Laverbread is a real pub quiz question of a food. It’s a Welsh delicacy, an iodine-rich puree made from simmering Porphyra laciniata, a purple seaweed, for hours. The resulting paste looks unprepossessing, but tastes fabulous. Like oysters, its flavour is redolent of the sea – to eat laverbread is to imagine yourself standing on a rockpool-surrounded beach, breathing the salty, ozone-thick spray.

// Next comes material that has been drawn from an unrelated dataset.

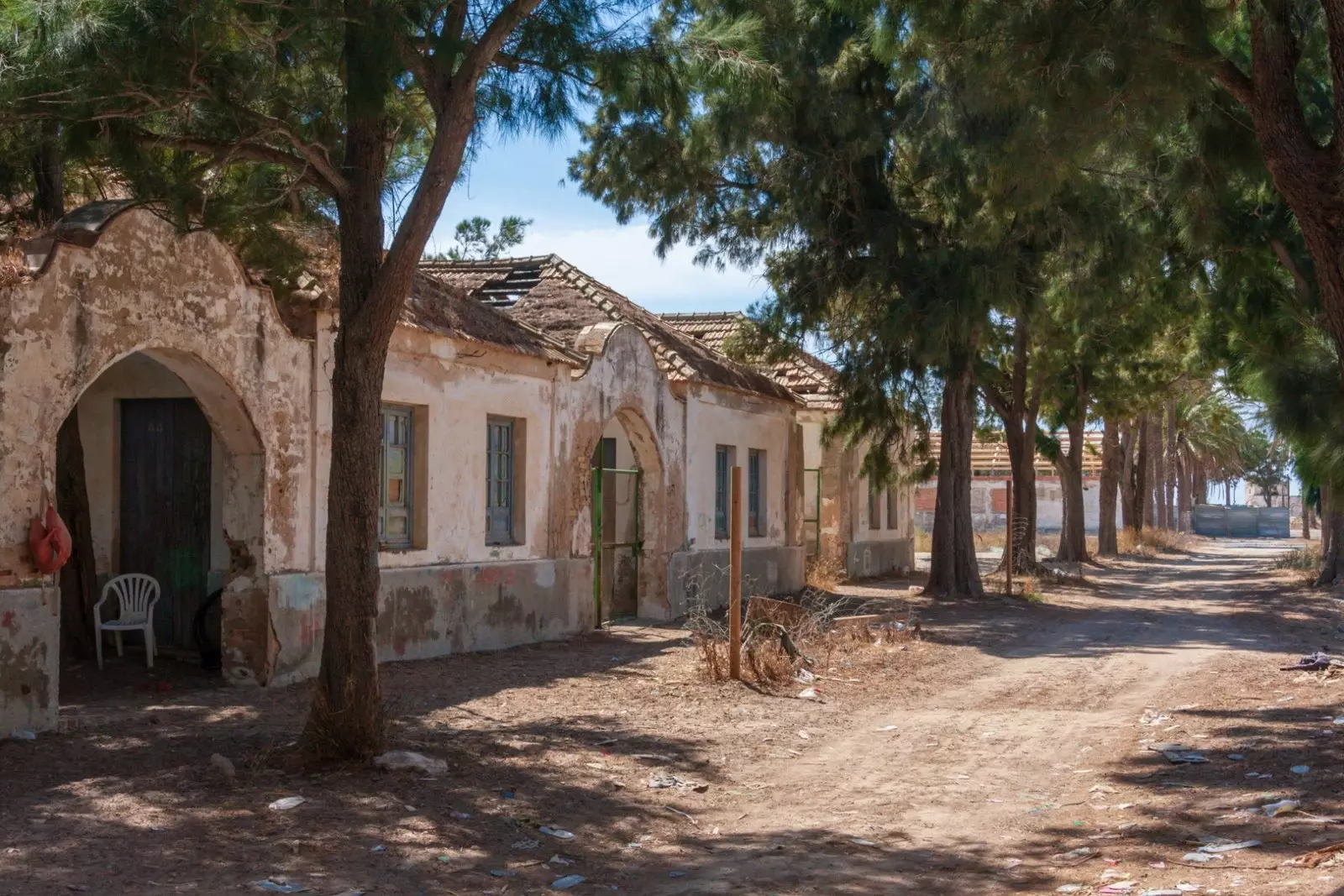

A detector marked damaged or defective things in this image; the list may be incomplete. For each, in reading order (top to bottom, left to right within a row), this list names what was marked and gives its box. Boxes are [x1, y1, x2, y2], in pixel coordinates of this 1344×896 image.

I’m lucky enough to have married into a family full of food-loving Welsh ladies. Dr W’s mum makes sublime Welsh cakes (little griddle cakes packed with currants) when we visit; she even has a special gas burner that lives in the cupboard especially for griddling purposes. (Yes, I plan to steal the recipe one day.) Her sister, Auntie S, still lives in Wales. Because she is totally fabulous, Auntie S sent a Welsh hamper to me here in the grim fens for my birthday. Alongside the tea blend, the Welsh honey, the plum jam, the whisky marmalade and the Caerphilly oatcakes lay a jar of pickled cockles and my first ever tin of laverbread. Straight out of the tin, it’s unprepossessing stuff (see the picture below), but it smells tremendously seaside-y, and licking the end of a finger dipped into it confirms that it’s delicious.

There are always pinhead-milled oats in the cupboard (I like porridge for breakfast), and a favourite Welsh application of laverbread is to mix the dark paste with fine/medium oatmeal to bind it and make it crisp, then to fry it in bacon fat and serve it alongside a cooked breakfast. I also added a non-traditional shallot to the mixture, which was extremely good, adding a base of sweetness against the iodine saltiness of the seaweed. (The shallot is strictly optional and not remotely Welsh.) Making these laverbread cakes took all of ten minutes, and they’re among the tastiest things I’ve eaten in months. To make about eight little cakes (enough to serve two – you’ll want four each because they’re gorgeous) you’ll need:

120g tin laverbread
50g fine/medium oatmeal
1 shallot
A couple of tablespoons of bacon fat

Dice the shallot very finely, and mix well with the laverbread and oatmeal until you have a thick paste. Form the paste into flat patties about five centimetres in diameter and a centimetre thick. Fry in the hot bacon fat in a non-stick pan for about three minutes a side, until the laverbread cakes are crisp and brown. Serve immediately as part of a cooked breakfast.